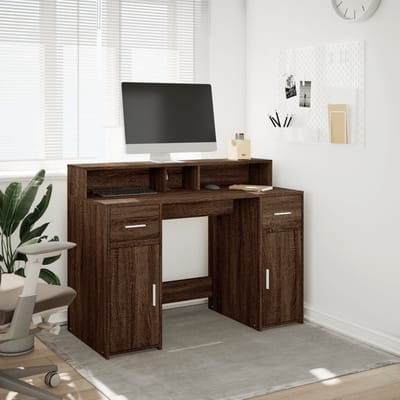 vidaXL - Bureau - met - LED-verlichting - 120x55x91 - cm - hout - bruin - eikenkleurig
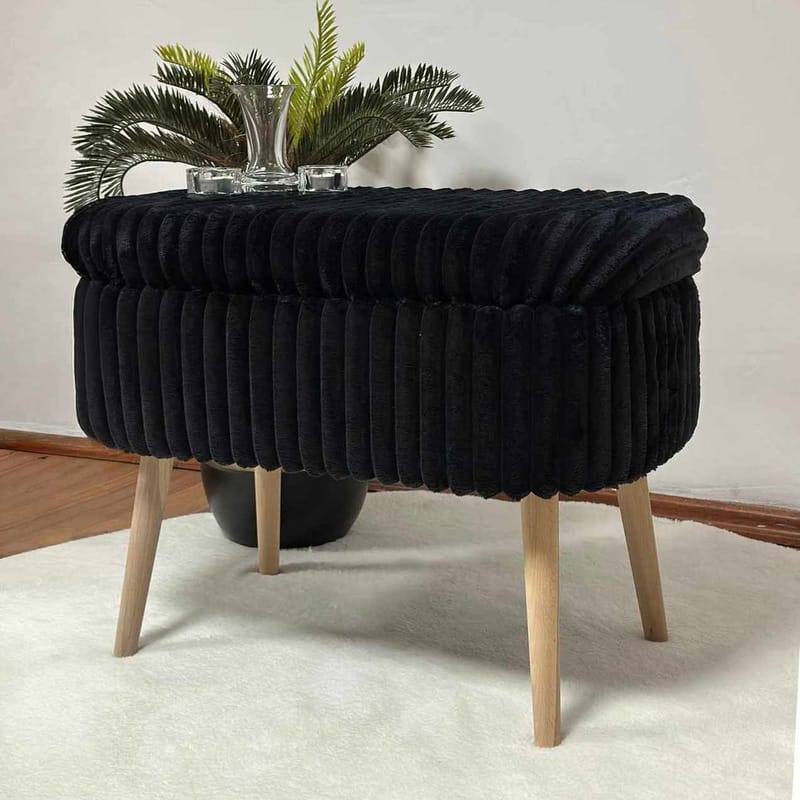 Puff med oppbevaring Atelier Del Sofa Mini Oslo Lin (60 x 46 x 35 cm) Toscano Black - Møbler - Stoler - Krakk - Puff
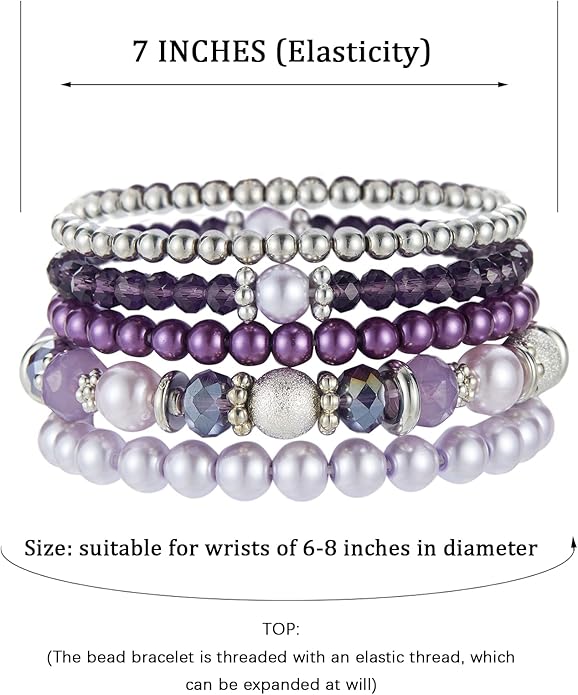 Noessla Beaded Pearl Stretch Bracelet Silver Stackable Crystal Beads Bracelets Trendy Costume Jewelry Mothers Day Gifts for Women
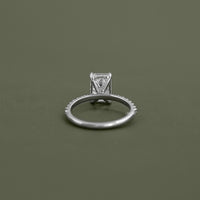 Emerald Cut Solitaire Accent Engagement Ring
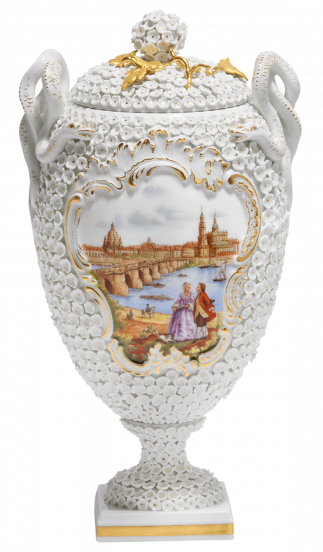 LIMITED MASTERWORKS 2019 SNOWBALL BLOSSOM VASE WITH CANALETTO VIEW OF DRESDEN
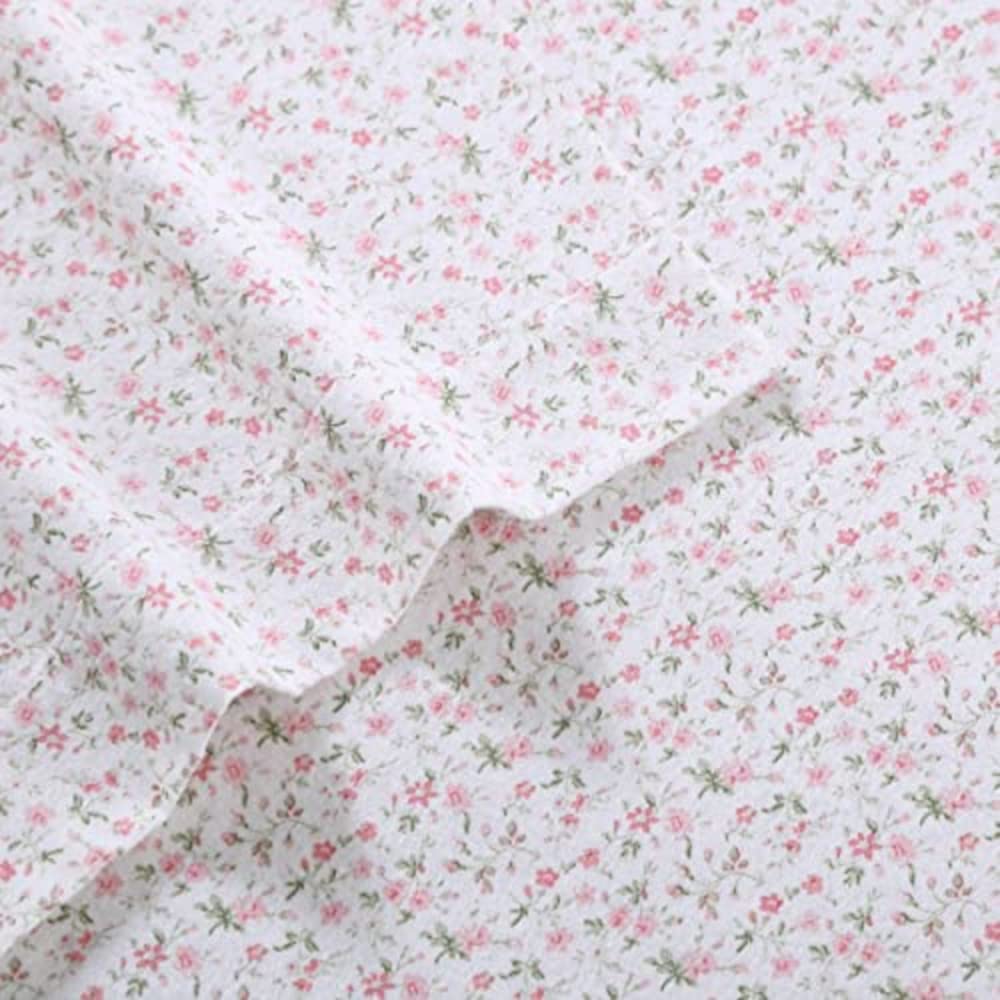 Laura Ashley Home - 4-Piece King Size Cotton Flannel Bedding Set | Ultra Soft Brushed Finish | Evie Pink/Green/White Pattern | Warm & Cozy Winter Sheets for Cold Nights | Perfect for Master Bedroom & Guest Room Comfort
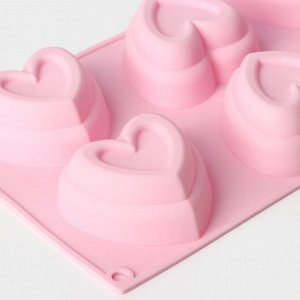 Форма для выпечки Доляна «Сердце в сердце», силикон, 17x30 см, 6 ячеек (8x7,3 см), цвет МИКС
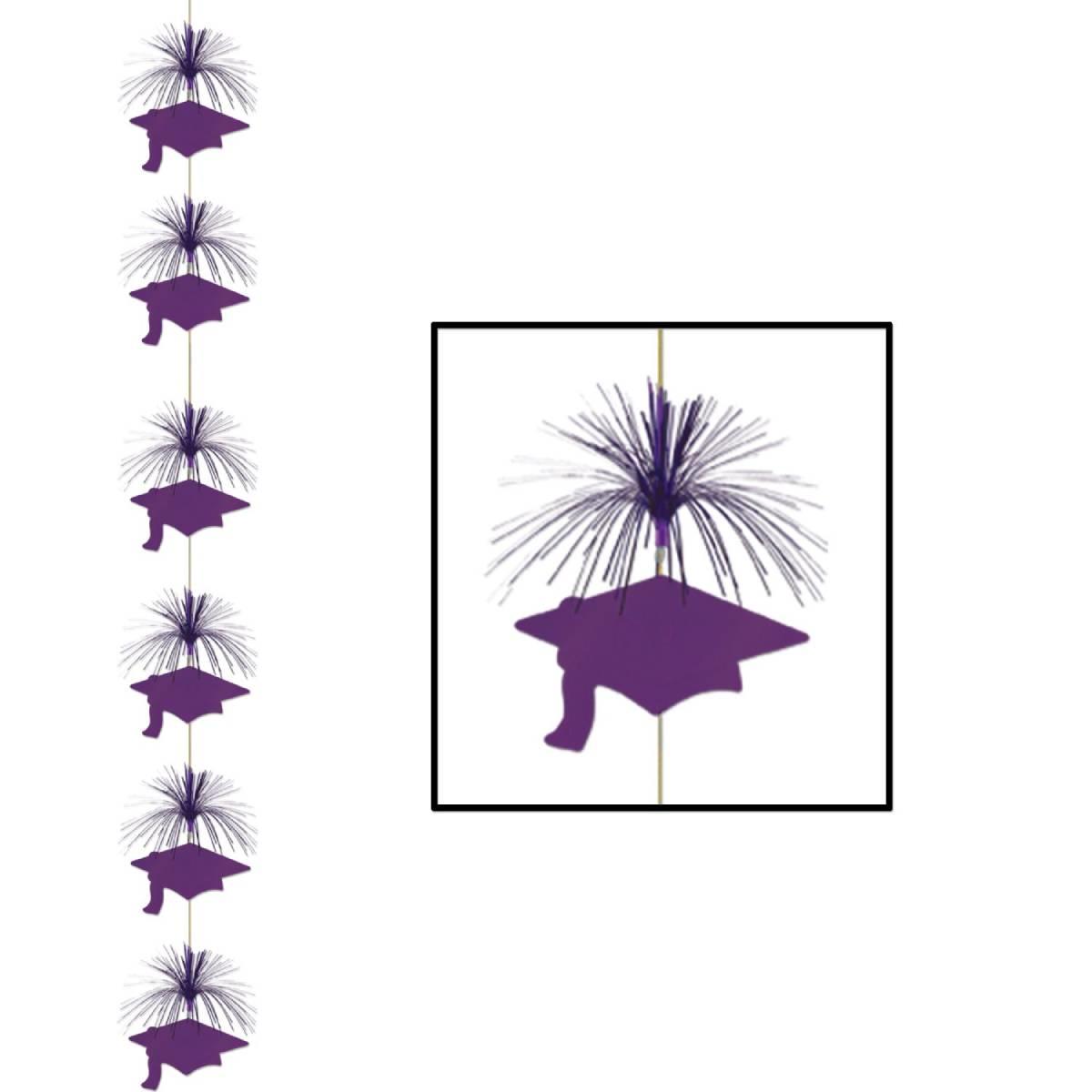 Graduation Cap Firework String Decoration 7ft in Purple by Beistle 57627-PL available here at Karnival Costumes online party shop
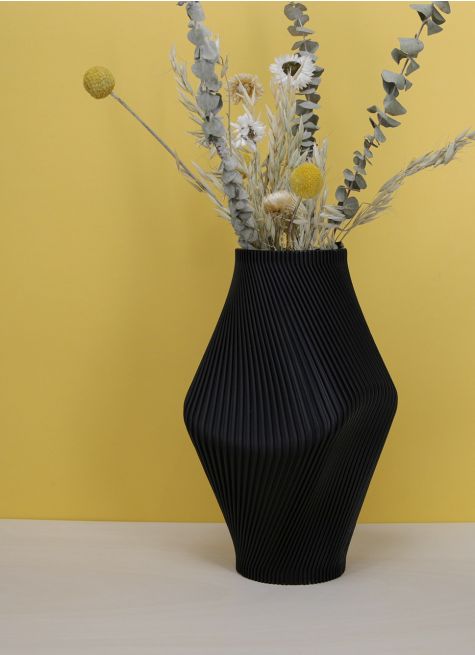 VASE EN POLYRÉSINE FORME ORIGINALE STRIÉE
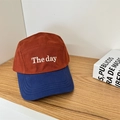 Retro five-panel baseball cap in brick red and navy blue with The day embroidery - 56-58cm Adjustable / Brick Red And Navy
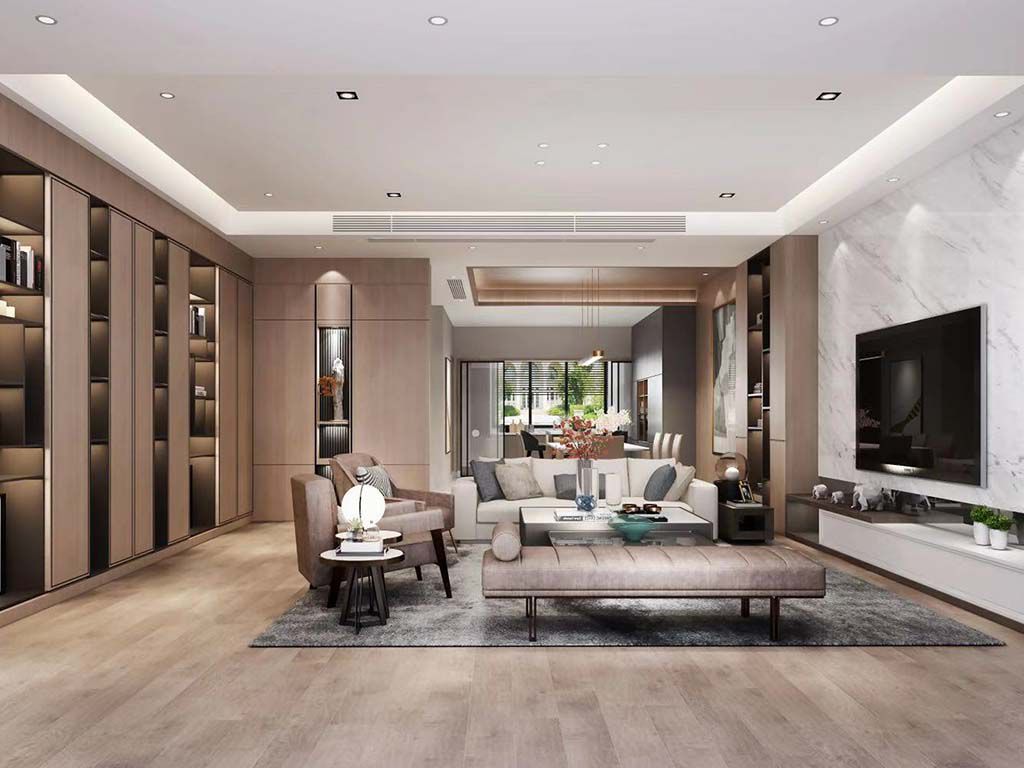嘉定区龙湖郦城300平现代风格联排别墅客厅装修效果图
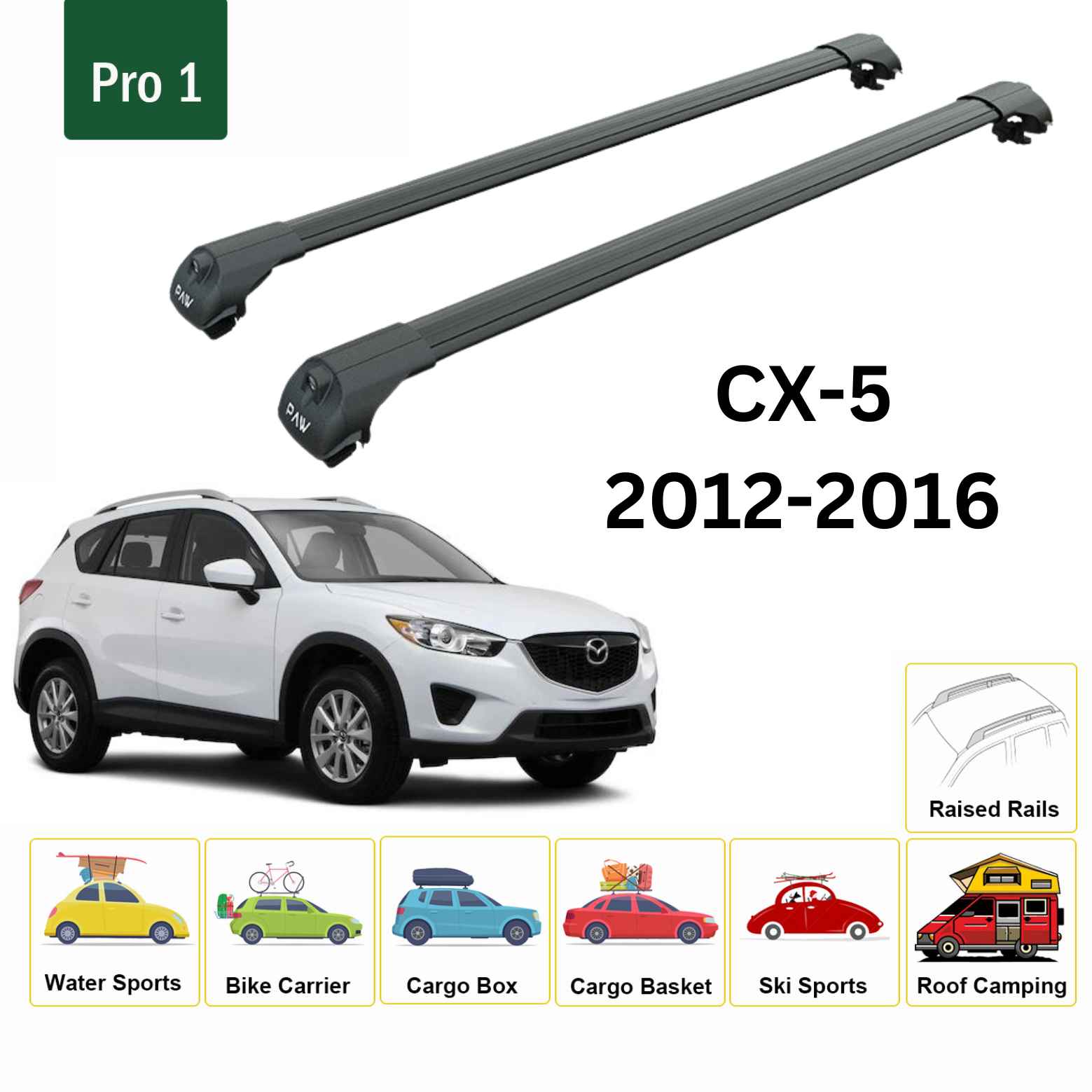 For Mazda CX-5 KF 2017-Up Roof Rack Cross Bars Raised Rail Alu Black - 0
┄┄┄┄┄┄
Task statement> Make an exact copy of the lines from the one holding "Laura Ashley Home" through the end of the material, both ends included, and keep the pictures out of it.

Result of this task>
 Laura Ashley Home - 4-Piece King Size Cotton Flannel Bedding Set | Ultra Soft Brushed Finish | Evie Pink/Green/White Pattern | Warm & Cozy Winter Sheets for Cold Nights | Perfect for Master Bedroom & Guest Room Comfort
 Форма для выпечки Доляна «Сердце в сердце», силикон, 17x30 см, 6 ячеек (8x7,3 см), цвет МИКС
 Graduation Cap Firework String Decoration 7ft in Purple by Beistle 57627-PL available here at Karnival Costumes online party shop
 VASE EN POLYRÉSINE FORME ORIGINALE STRIÉE
 Retro five-panel baseball cap in brick red and navy blue with The day embroidery - 56-58cm Adjustable / Brick Red And Navy
嘉定区龙湖郦城300平现代风格联排别墅客厅装修效果图
 For Mazda CX-5 KF 2017-Up Roof Rack Cross Bars Raised Rail Alu Black - 0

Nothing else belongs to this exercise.